### Instructions for the task
With the pictures left out, transcribe exactly the lines from the one with "Hi, my name" through the end of the data.

### Information shown

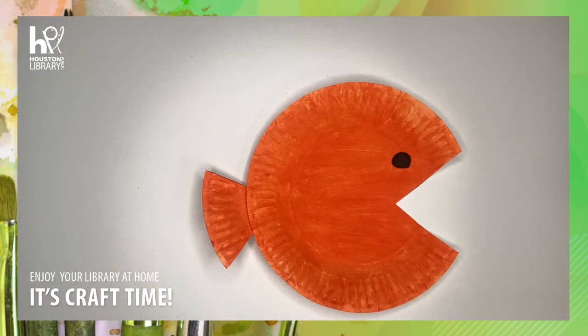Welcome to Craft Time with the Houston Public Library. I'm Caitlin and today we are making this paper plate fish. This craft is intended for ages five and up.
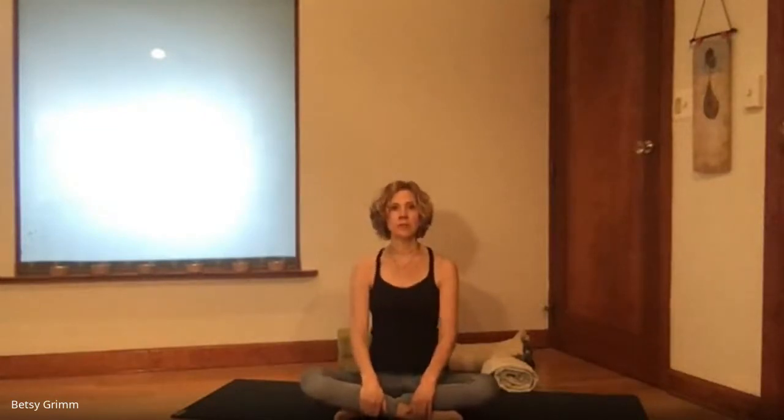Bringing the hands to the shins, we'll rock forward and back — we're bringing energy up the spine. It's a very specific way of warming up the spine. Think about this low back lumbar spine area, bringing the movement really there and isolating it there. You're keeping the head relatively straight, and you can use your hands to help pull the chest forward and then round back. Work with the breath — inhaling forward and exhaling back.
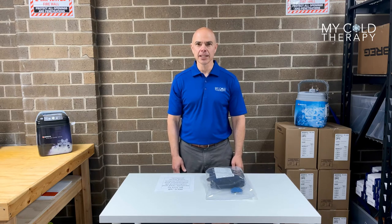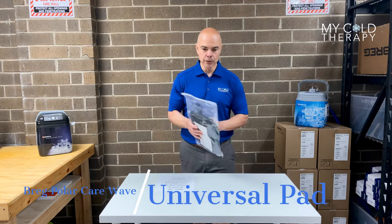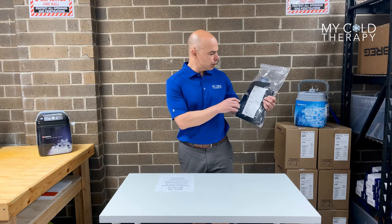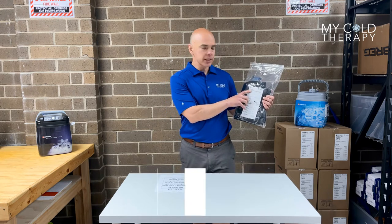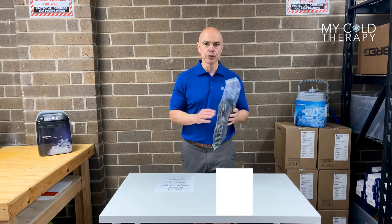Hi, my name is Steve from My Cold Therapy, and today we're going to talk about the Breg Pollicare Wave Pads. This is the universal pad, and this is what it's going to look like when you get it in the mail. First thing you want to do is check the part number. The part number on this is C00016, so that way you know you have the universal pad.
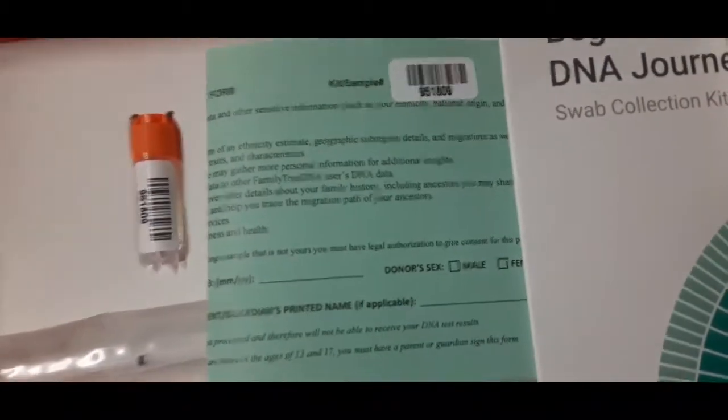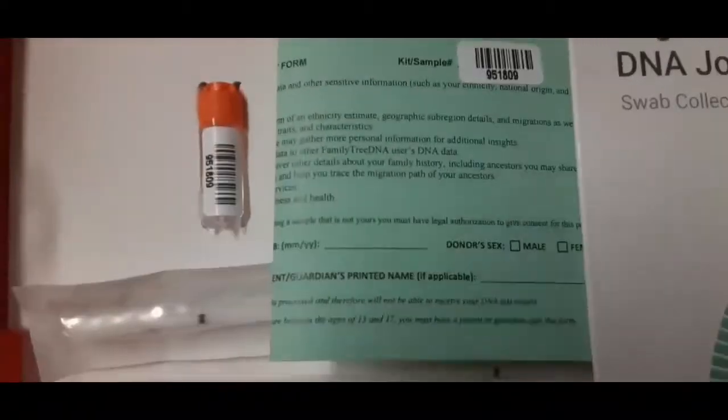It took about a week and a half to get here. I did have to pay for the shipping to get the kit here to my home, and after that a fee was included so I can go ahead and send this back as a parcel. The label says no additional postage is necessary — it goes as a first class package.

### Answer box
Hi, my name is Steve from My Cold Therapy, and today we're going to talk about the Breg Pollicare Wave Pads. This is the universal pad, and this is what it's going to look like when you get it in the mail. First thing you want to do is check the part number. The part number on this is C00016, so that way you know you have the universal pad.
It took about a week and a half to get here. I did have to pay for the shipping to get the kit here to my home, and after that a fee was included so I can go ahead and send this back as a parcel. The label says no additional postage is necessary — it goes as a first class package.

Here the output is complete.